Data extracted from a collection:
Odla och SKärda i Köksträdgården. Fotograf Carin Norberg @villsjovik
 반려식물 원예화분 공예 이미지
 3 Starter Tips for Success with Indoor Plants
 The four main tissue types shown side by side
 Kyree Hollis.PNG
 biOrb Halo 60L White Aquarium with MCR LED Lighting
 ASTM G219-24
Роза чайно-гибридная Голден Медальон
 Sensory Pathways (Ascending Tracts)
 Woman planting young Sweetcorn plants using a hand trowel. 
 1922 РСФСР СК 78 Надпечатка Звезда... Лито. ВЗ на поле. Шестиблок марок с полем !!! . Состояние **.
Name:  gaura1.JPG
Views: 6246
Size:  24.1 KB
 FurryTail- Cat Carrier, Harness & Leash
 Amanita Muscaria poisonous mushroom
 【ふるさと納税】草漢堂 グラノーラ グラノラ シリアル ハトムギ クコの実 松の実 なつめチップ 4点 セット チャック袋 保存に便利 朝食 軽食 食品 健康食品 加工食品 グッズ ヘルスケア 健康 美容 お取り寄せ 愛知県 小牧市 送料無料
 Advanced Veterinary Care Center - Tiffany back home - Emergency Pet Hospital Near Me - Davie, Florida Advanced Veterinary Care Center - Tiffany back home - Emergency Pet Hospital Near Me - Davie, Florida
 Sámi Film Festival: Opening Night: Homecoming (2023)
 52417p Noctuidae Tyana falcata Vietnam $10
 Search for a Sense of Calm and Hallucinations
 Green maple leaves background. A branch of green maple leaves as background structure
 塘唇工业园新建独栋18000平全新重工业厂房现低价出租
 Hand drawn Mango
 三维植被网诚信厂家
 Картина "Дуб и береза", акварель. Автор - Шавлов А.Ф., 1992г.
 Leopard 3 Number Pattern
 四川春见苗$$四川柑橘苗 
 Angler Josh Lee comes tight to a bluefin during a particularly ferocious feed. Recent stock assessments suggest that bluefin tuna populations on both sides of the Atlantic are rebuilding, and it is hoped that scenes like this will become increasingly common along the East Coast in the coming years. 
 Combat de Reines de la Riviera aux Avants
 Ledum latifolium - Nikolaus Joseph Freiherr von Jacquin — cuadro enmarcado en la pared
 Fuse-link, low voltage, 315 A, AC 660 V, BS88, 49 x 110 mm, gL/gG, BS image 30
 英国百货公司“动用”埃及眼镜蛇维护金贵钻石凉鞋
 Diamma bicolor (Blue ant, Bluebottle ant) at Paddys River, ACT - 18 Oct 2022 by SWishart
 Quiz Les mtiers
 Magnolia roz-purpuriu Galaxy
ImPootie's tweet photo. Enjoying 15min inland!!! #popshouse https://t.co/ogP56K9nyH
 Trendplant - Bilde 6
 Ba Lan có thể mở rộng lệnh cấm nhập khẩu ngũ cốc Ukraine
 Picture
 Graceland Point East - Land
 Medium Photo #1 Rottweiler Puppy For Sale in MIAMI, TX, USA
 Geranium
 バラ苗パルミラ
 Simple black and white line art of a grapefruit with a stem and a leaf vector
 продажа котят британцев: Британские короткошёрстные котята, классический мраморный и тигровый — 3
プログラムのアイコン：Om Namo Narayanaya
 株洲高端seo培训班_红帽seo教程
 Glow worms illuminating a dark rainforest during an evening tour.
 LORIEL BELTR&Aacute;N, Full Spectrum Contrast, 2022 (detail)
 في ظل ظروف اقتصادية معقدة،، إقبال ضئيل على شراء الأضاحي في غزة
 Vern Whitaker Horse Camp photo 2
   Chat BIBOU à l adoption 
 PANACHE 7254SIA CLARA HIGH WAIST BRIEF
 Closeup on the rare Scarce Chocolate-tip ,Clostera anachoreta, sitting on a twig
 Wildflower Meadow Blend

▸ Problem to work on:
What lines of the preceding data include the string "during"? Pull them out.

▸ Exercise response:
 Angler Josh Lee comes tight to a bluefin during a particularly ferocious feed. Recent stock assessments suggest that bluefin tuna populations on both sides of the Atlantic are rebuilding, and it is hoped that scenes like this will become increasingly common along the East Coast in the coming years. 
 Glow worms illuminating a dark rainforest during an evening tour.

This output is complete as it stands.